Problem. Where an entry contains an image, skip the image and print the rest exactly.

Data shown.
====

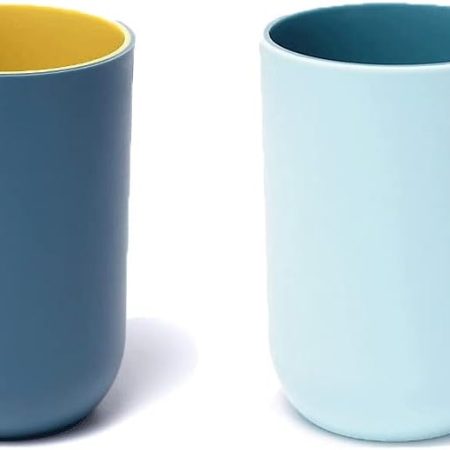 Unbreakable Reusable Drinking Cups Set of 2 Colors, Plastic Toothbrush Cup Tumblers 300 ml/10.5 oz, Dishwasher Safe (Light blue & Navy blue)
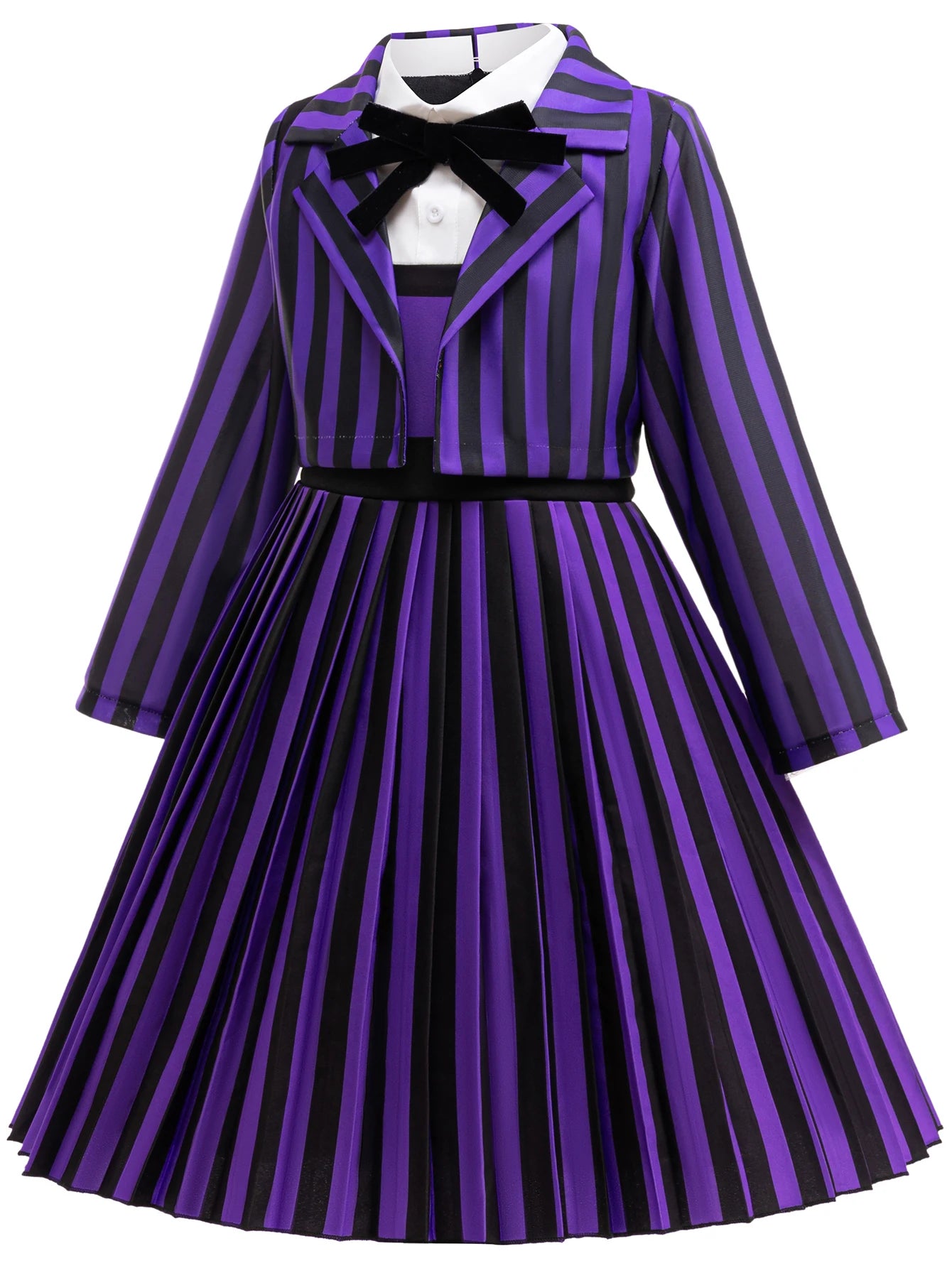 2Pcs Wednesday Addams Costume for Girls
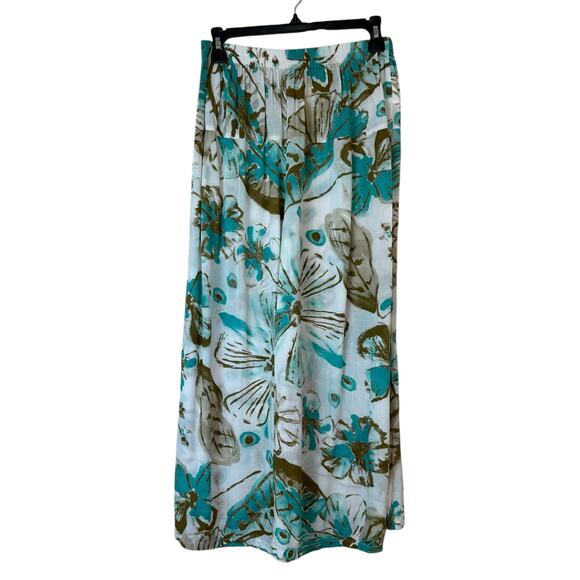 Animale Flowy Wide Leg Green & White Floral Culotte Pants sz XL EUC - Picture 2 of 8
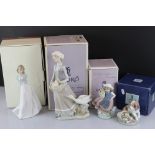 Three Lladro figures to include a boxed 7672 " It Wasn't Me! " Collectors Society dog figure, a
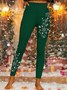 Women's Shiny Christmas Snowflake Print Casual Leggings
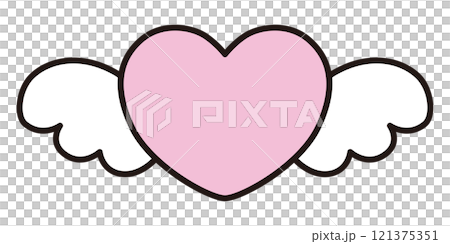 羽の生えたハートのベクターイラスト 121375351
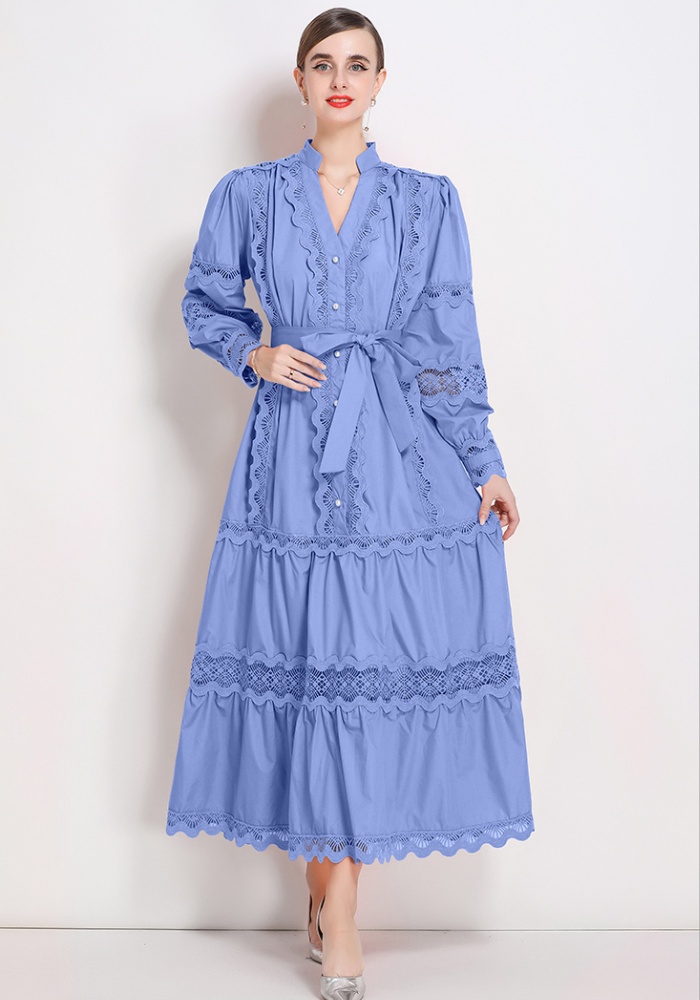 Autumn and winter A-line court style dress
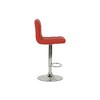 Modern Red Faux Leather Adjustable Swivel Barstool with Stitched Seat and Chrome Base, Armless Design, Set of 2 for Counter or Home Bar - 4 of 4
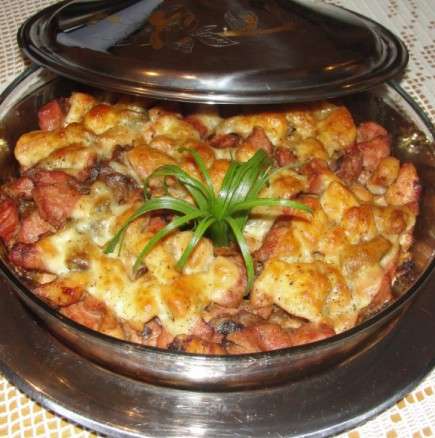 Месо с гъби и кашкавал на фурна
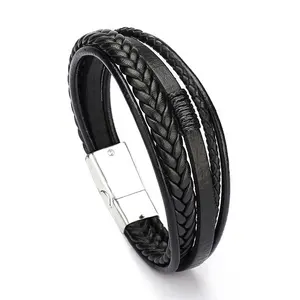 Elegant Mens Leather Bracelet Handmade Leather Cuff Bracelet Braided Leather Wristband Bracelets for Men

====

Written response.
 Unbreakable Reusable Drinking Cups Set of 2 Colors, Plastic Toothbrush Cup Tumblers 300 ml/10.5 oz, Dishwasher Safe (Light blue & Navy blue)
 2Pcs Wednesday Addams Costume for Girls
 Animale Flowy Wide Leg Green & White Floral Culotte Pants sz XL EUC - Picture 2 of 8
 Three Lladro figures to include a boxed 7672 " It Wasn't Me! " Collectors Society dog figure, a
 Women's Shiny Christmas Snowflake Print Casual Leggings
 羽の生えたハートのベクターイラスト 121375351
 Autumn and winter A-line court style dress
 Modern Red Faux Leather Adjustable Swivel Barstool with Stitched Seat and Chrome Base, Armless Design, Set of 2 for Counter or Home Bar - 4 of 4
 Месо с гъби и кашкавал на фурна
 Elegant Mens Leather Bracelet Handmade Leather Cuff Bracelet Braided Leather Wristband Bracelets for Men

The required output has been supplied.